06 Septembre 2017: Un changement de politique autour de cinq orientations

Un changement d’orientation de la politique de santé en direction des médecins libéraux est indispensable pour leur redonner espoir, attirer les jeunes et répondre aux besoins de la société. Celle-ci a besoin de l’efficacité économique, de la productivité et de l’adaptabilité des médecins libéraux pour améliorer les comptes publics, et les patients ont besoin de leur réactivité.

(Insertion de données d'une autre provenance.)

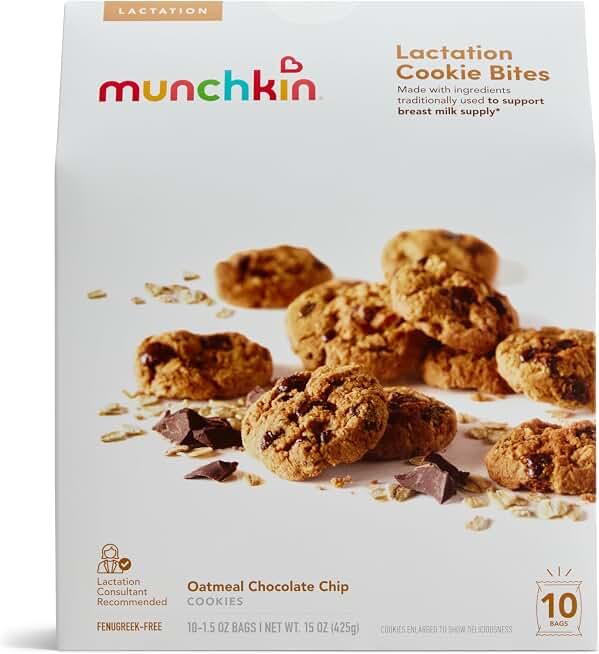 Munchkin Milkmakers Lactation Cookie Bites for Breastfeeding, Oatmeal Chocolate Chip Nursing Snacks, Fenugreek Free, 10 Pouches Exp. 01/29/2027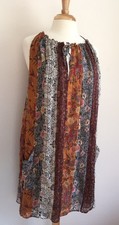 ISABEL MARANT 36/US 4 Multi-Colored Sleeveless Silk Dress Halter Festival Boho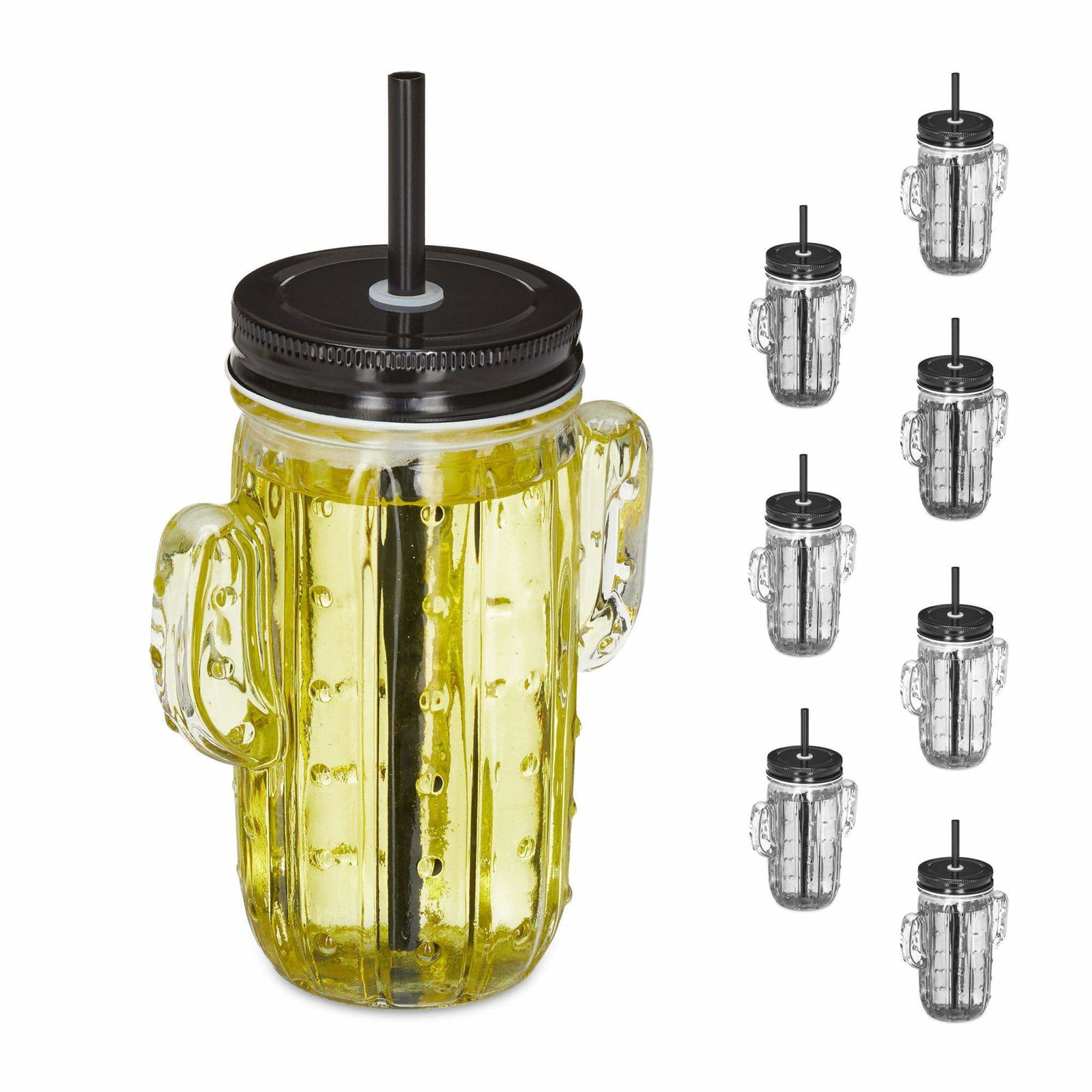 set om 8 dricksglas Kaktus med sugrör | Hem & Hobby - Hem & Hushåll - Kök - Servering - Muggar | Pryloteket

Si l’on veut éviter une crise sanitaire, le SML pose cinq orientations pour guider l’action politique.

Il faut d’abord changer de culture, désétatiser et simplifier. Les réformes successives ont complexifié l’architecture du système de santé, devenu illisible, sans pour autant restaurer les comptes publics.

Il faut reconnaître que le financement de la médecine de ville est un investissement et non une charge car elle crée activité et emplois.

Le système conventionnel doit être consolidé et redevenir un pacte fondateur entre la société et les médecins libéraux avec la sanctuarisation des contreparties conventionnelles. Au lieu d’opposer les deux secteurs d’exercice, il faut ménager un espace de liberté tarifaire pour les médecins du secteur 1, et reconnaître aux médecins du secteur 2 la part croissante des actes qu’ils réalisent en tarifs opposables. La nomenclature des actes doit être tenue à jour en y intégrant la télémédecine et la médecine connectée.

Il faut mettre fin à l’annualisation des comptes publics pour passer à une logique budgétaire pluriannuelle, seule capable de donner une lisibilité et pérennité aux investissements et aux aides nécessaires, afin d’en évaluer les retombées.

Enfin, il faut oser l’innovation, notamment de nouvelles formes de coopération entre médecins et professionnels de santé afin de recentrer le médecin sur son cœur de métier.